Verbatim copy without images: return all of the data as it stands.
*** Opening SUPPLIED INFORMATION ***
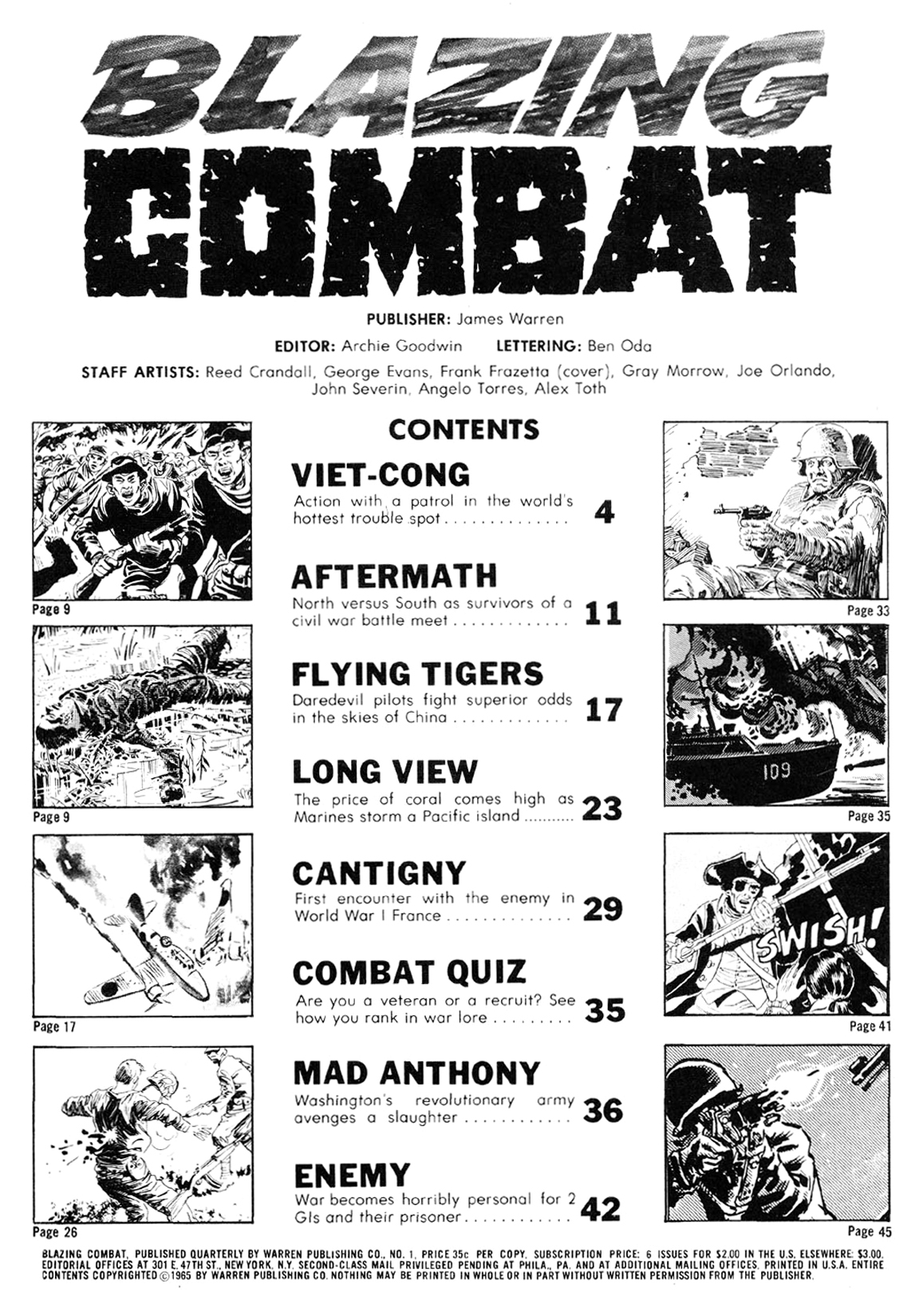 Read online Blazing Combat comic -  Issue #1 - 3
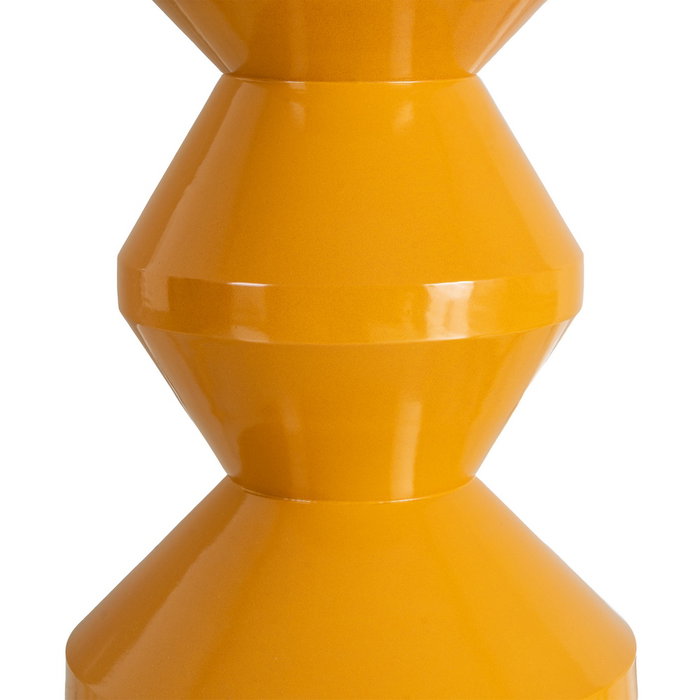 Mesa Auxiliar Mostaza Metal Decoración 33 X 33 X 47 cm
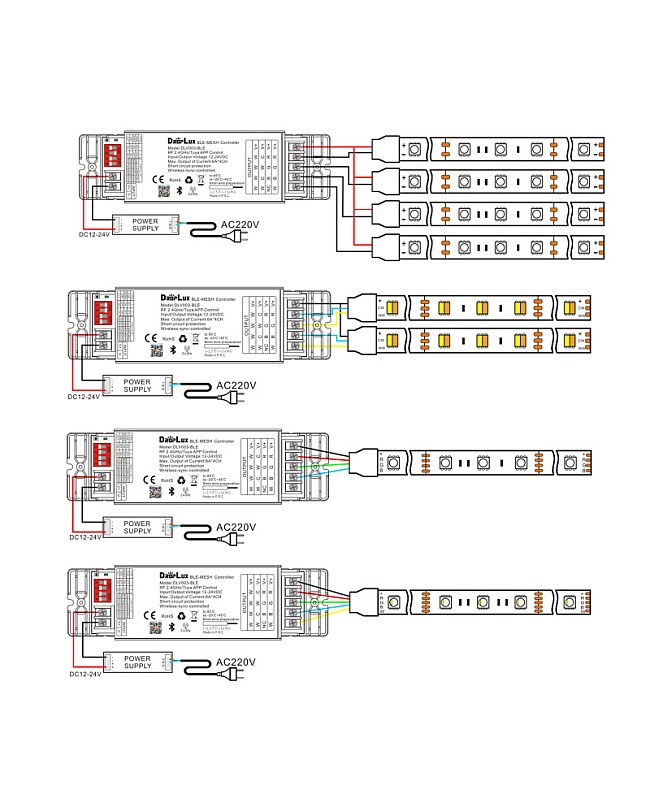 Hoion DLV003-BLE 4 In 1 RF-Light Controller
*** Closing SUPPLIED INFORMATION ***
• [REPLY]:
 Read online Blazing Combat comic -  Issue #1 - 3
 Mesa Auxiliar Mostaza Metal Decoración 33 X 33 X 47 cm
 Hoion DLV003-BLE 4 In 1 RF-Light Controller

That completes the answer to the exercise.